3.2GB sounds wrong, it looks like you have the new hashes and the old 
hashes and no GC run in between. This is expected and would fix itself 
over time, you might want to compress things down to 1.6GB however, 
using: git gc --prune=now
BEWARE: that you don't have any loose refs that you still might need 
later on. If all your changes are in regular branches and you didn't go 
wild with rebase -i or anything, then this should be safe.
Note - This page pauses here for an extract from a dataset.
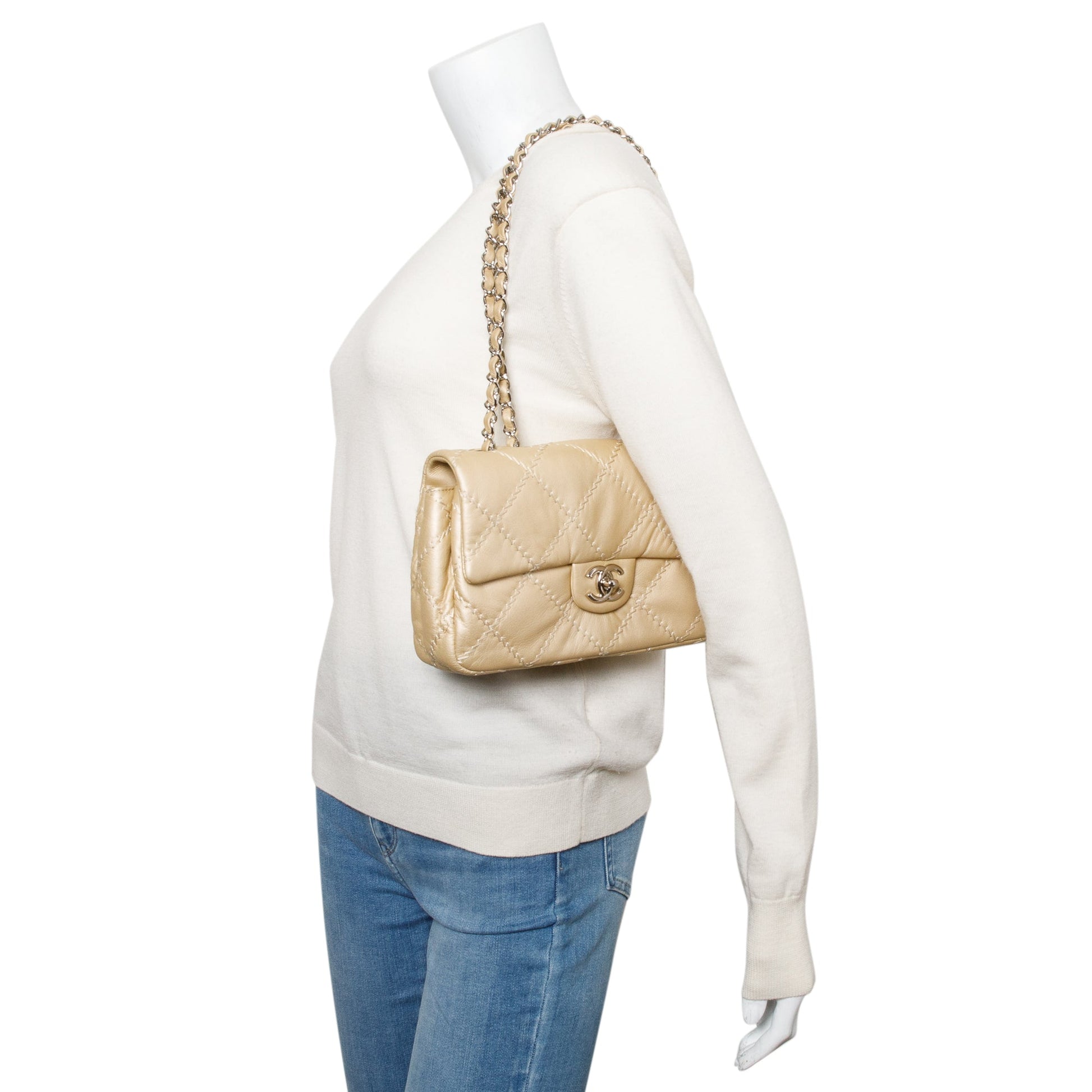Chanel Flap Leather Calfskin Beige Travel Bag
To not re-download everything, use --reference to point to an existing 
clone, that is:

git clone --reference /path/to/old/clone https://git.FreeBSD.org/src.git /path/to/new/clone

You could also:
git init
git add remote ....
cp the objects/* files over to the new repo
git fetch

>> A couple of caveats:
>> * I'm not a committer; I merely use the repo a a "source of truth" for
>>  updating machines locally, and I never have any commits to be pushed
>>  anywhere.
>
>Same here.
>
>>
>> * I actually used "git clone --mirror" (as noted in
>>  https://www.catwhisker.org/~david/FreeBSD/repo-sync.html); I then
>>  clone from that mirror to make working copies.  There are certainly
>>  other ways to accomplish this; some may be better for some folks.
>
>I don't quite do this because I am tracking -current and -stable locally
>and am using worktrees so as to avoid keeping multiple local git copies.
>AFAIK a mirror would blow away any local changes.

I think you're right, for that a single --bare clone (not --mirror) plus 
workspaces and local branches sounds more applicable.